В 1910 году управляющим Казенной палатой назначили Михаила Васильевича Чарушникова. К сожалению, отыскать его биографию пока не удалось. Есть сведения, что вместе с губернатором Я. Д. Бологовским они были ярыми приверженцами политики Столыпина. В 1911 году губерния могла принять 100 000 переселенцев обоего пола (Всеподданнейший отчет енисейского губернатора за 1911 год. — [Б. м.], [б. г.] — С. 5).

Однако на переселенческих участках разместились 33 тысячи 500 переселенцев, в Россию же возвратились всего 1300 человек. Продолжалось и строительство дорог. За год строители в среднем прокладывали от 150 до 180 верст, не забывая при этом необходимость обводнить переселенческие деревни. Многие семьи получали безвозвратные пособия. Усиленно шло строительство водяных мельниц, хлебозапасных магазинов, больниц, школ, церковных приходов. Для покупки сельхозорудий в губернии сумели создать специализированные склады с 32 отделениями для разного сельского инвентаря. Жатвенные машины, ручные сепараторы, косилки, паровые котлы поставлялись в Красноярск английской фирмой «Лайборн, Поппам и К°».

Бологовский в своем отчете подчеркивал, что переселенческие поселки, образованные 7–10 лет тому назад, «во многих случаях уже могут почитаться вполне прочно обосновавшимися селениями» (там же, с. 6).

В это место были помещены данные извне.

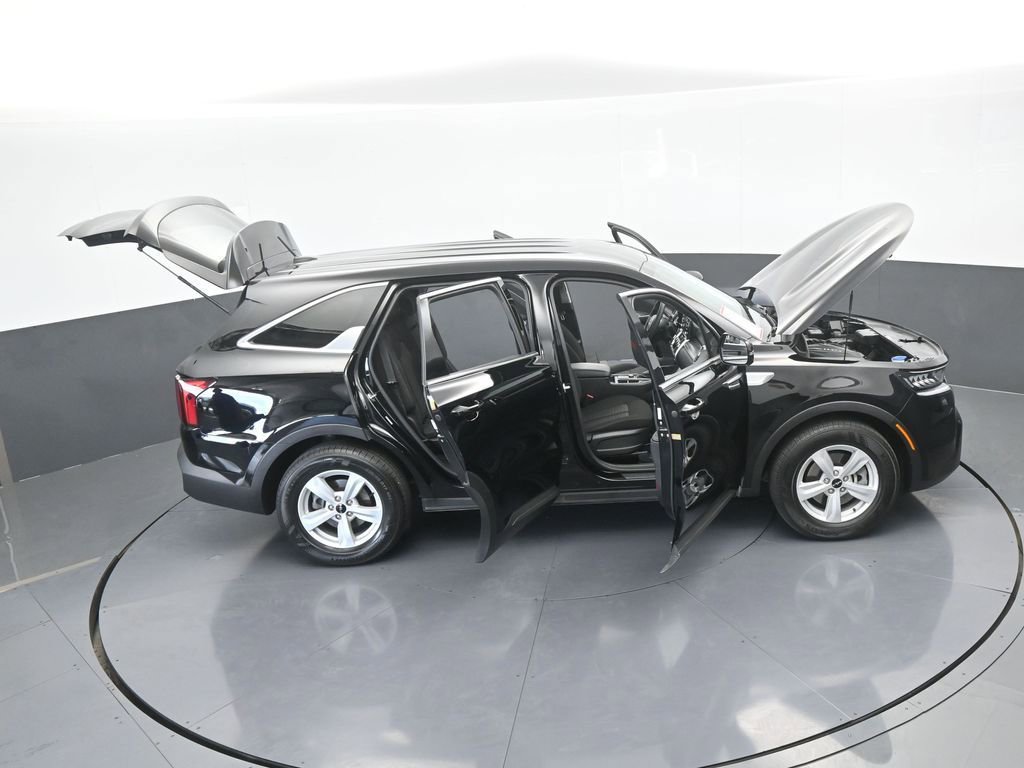 Used 2022 Kia Sorento LX image 67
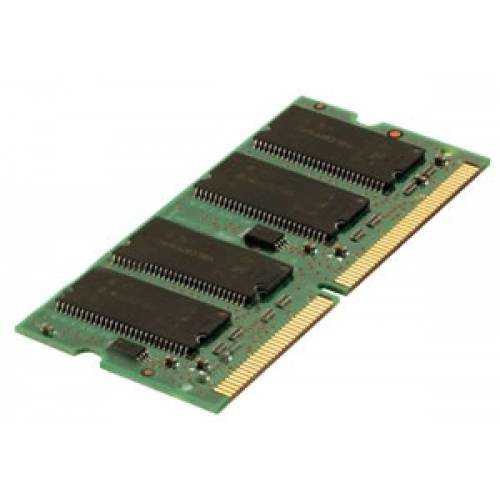 A Hypertec Hyperam 8GB 1333MHz DDR3 Dual Rank SODIMM 128X8 – Hypertec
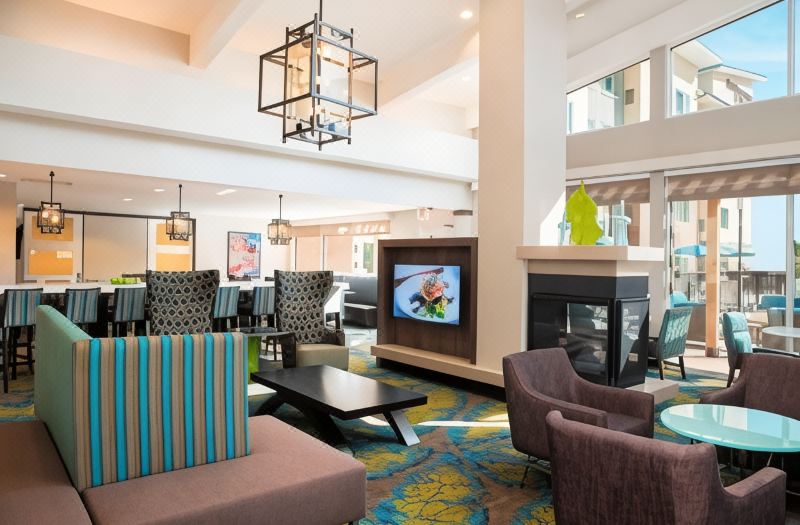 Residence Inn Houston City Place photo 3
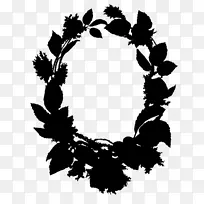 开花植物剪贴画叶植物-空若网 开花植物剪贴画叶植物-空若网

К 1913 году переселенческое дело, как и все сельское хозяйство губернии, сделало значительные успехи. Статистика показывала, что если в России на 100 жителей в среднем приходилось всего 25 лошадей, в Донецкой области — 55, то в Енисейской губернии — 104 лошади, а в Ачинском и Минусинском уездах — 133–152 лошади. Если в России 100 жителей в среднем имели 32,6 головы крупного рогатого скота, то в Енисейской губернии — 110 единиц. Аграрная политика правительства, несмотря на некоторые шероховатости и издержки, начинала приносить свои реальные плоды.